Historian Stacy Schiff to Discuss Politics and Paranoia at Hancock Shaker Village

Stacy Schiff (photo Elena Seibert)

(HANCOCK, Mass.) – Pulitzer Prize-winning historian Stacy Schiff will discuss the intersection of politics and paranoia as part of the Food for Thought monthly dinner series at Hancock Shaker Village on Friday, July 14, at 6pm. A native of Adams, Mass., who majored in art history at Williams College, Schiff is a best-selling author whose most recent book is “The Witches: Salem 1692.” Over a farm-to-table dinner, Schiff will talk about the witch trials: what we know, what we think we know, and what we should know.

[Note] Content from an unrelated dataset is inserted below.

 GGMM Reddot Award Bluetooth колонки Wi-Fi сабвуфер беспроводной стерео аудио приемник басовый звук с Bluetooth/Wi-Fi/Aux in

“Settlements were isolated and lit with only smoky fires, which fed vivid imagination. New Englanders lived very much in the dark, where one listens more acutely, feels most passionately, and imagines most vividly, where the sacred and the occult thrive,” writes Schiff.   “The Witches” entailed voluminous research, and Schiff conjures up late-17th-century New England with gripping detail.

Schiff is the author of numerous biographies, as well as essays and articles have appeared in the New Yorker, the New York Times, and the New York Review of Books. Schiff won the 2000 Pulitzer Prize for “Vera,” a biography of Vera Nabokov, wife and muse of Vladimir Nabokov. Her biography “Cleopatra” was #1 on the New York Times bestseller list. She was also a finalist for the 1995 Pulitzer Prize for Biography or Autobiography for “Saint-Exupéry: A Biography.”

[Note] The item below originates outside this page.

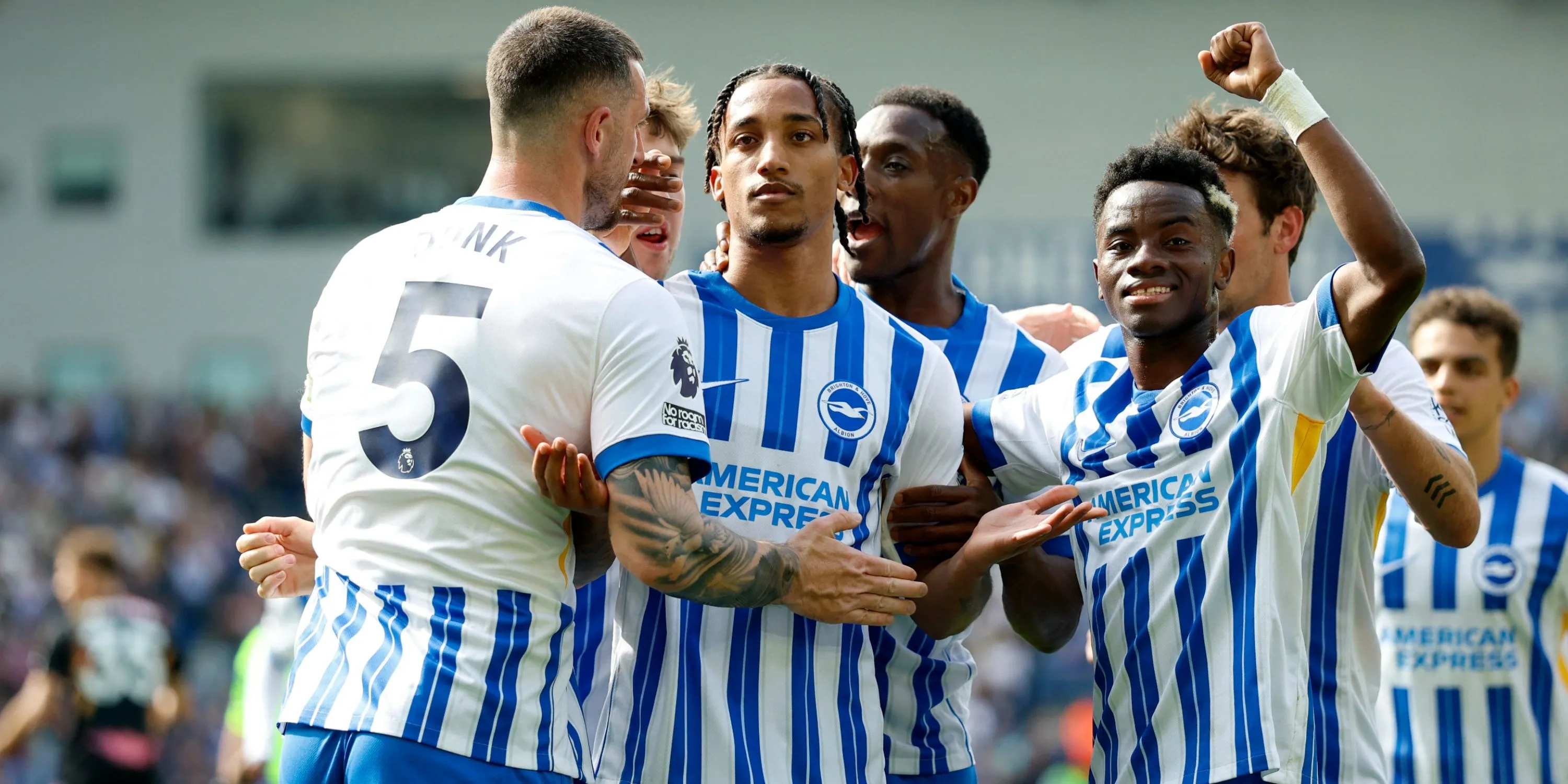Joao Pedro của Brighton thi đấu năng nổ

The evening includes a seasonal, neighborhood sourced, three-course dinner prepared by noted regional chef Brian Alberg, wine, and a copy of the author’s book.

Dinner with Stacy Schiff is part of a series of important authors talking about far-ranging subjects of relevance today. Far ahead of their time, the Shakers addressed issues as far ranging as gender equality, sustainability, land renewal, racial equality, pacifism, and shared economies decades before fashionable, let alone there being a vocabulary to address such subjects.

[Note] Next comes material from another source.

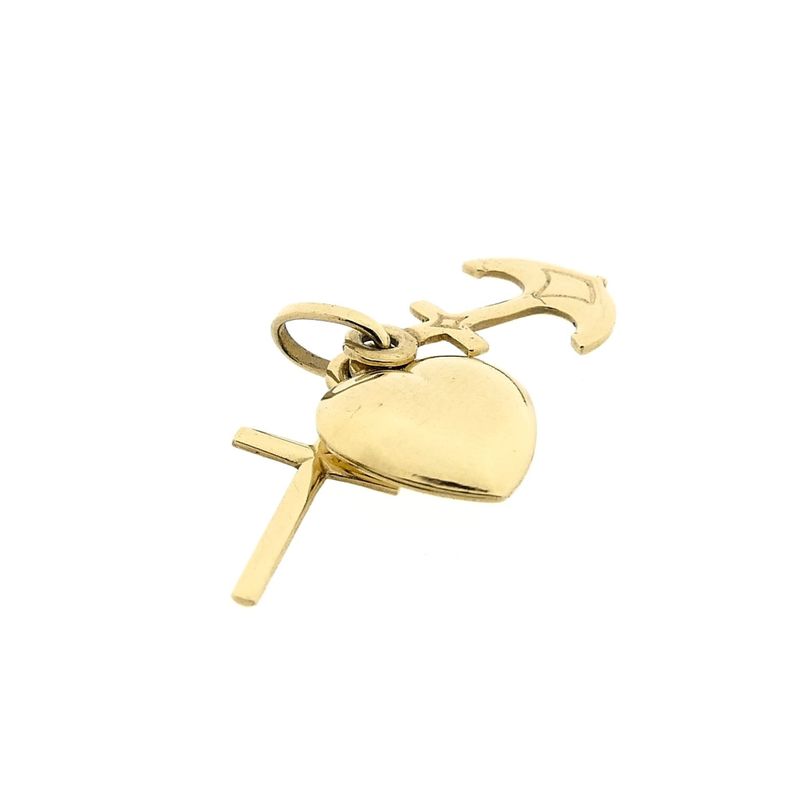 Image 3 of Gold Faith, Hope, Love Pendant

Hancock Shaker Village’s Food for Thought is a monthly dinner series with today’s best thinkers, who address topics of relevance to our world today. The next Food for Thought dinner in the series is Friday, August 11, with Elizabeth Kolbert, Pulitzer Prize-winning author of the New York Times bestseller “The Sixth Extinction: An Unnatural History.”

 

ABOUT HANCOCK VILLAGE

Home to the Shakers for more than 220 years, Hancock Shaker Village is now an outdoor history museum dedicated to preserving the Shaker legacy and making that story relevant and illuminating for today’s visitors. Situated on 750 acres of picturesque farm, field, and woodland in the bucolic Berkshires of Massachusetts, the Village consists of 20 historic buildings, a working farm and heirloom gardens, and a premier collection of 22,000 authentic Shaker artifacts.